_What you need to do:_
Write out exactly, with no other output, the lines below from the one that contains "Θρήνος στην κηδεία Σουφλιά" through the end.

Web page caption snippets:
▽

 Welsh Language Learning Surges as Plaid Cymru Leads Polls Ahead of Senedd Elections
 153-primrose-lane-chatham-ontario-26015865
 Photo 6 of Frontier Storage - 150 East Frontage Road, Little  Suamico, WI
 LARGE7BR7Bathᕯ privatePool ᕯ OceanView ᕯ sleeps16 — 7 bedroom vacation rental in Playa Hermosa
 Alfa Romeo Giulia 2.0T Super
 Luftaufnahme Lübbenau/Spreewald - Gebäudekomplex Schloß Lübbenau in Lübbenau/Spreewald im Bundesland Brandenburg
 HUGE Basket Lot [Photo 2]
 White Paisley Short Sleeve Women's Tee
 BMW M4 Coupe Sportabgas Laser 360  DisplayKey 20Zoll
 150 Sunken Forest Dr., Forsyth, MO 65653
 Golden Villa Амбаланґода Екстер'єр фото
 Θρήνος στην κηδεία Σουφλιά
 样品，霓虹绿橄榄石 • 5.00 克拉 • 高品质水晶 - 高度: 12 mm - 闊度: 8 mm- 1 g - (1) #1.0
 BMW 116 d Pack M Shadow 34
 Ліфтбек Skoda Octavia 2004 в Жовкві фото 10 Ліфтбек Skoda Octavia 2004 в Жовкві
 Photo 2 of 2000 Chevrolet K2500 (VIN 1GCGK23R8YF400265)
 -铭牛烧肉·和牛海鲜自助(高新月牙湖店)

△

_Solution:_
 Θρήνος στην κηδεία Σουφλιά
 样品，霓虹绿橄榄石 • 5.00 克拉 • 高品质水晶 - 高度: 12 mm - 闊度: 8 mm- 1 g - (1) #1.0
 BMW 116 d Pack M Shadow 34
 Ліфтбек Skoda Octavia 2004 в Жовкві фото 10 Ліфтбек Skoda Octavia 2004 в Жовкві
 Photo 2 of 2000 Chevrolet K2500 (VIN 1GCGK23R8YF400265)
 -铭牛烧肉·和牛海鲜自助(高新月牙湖店)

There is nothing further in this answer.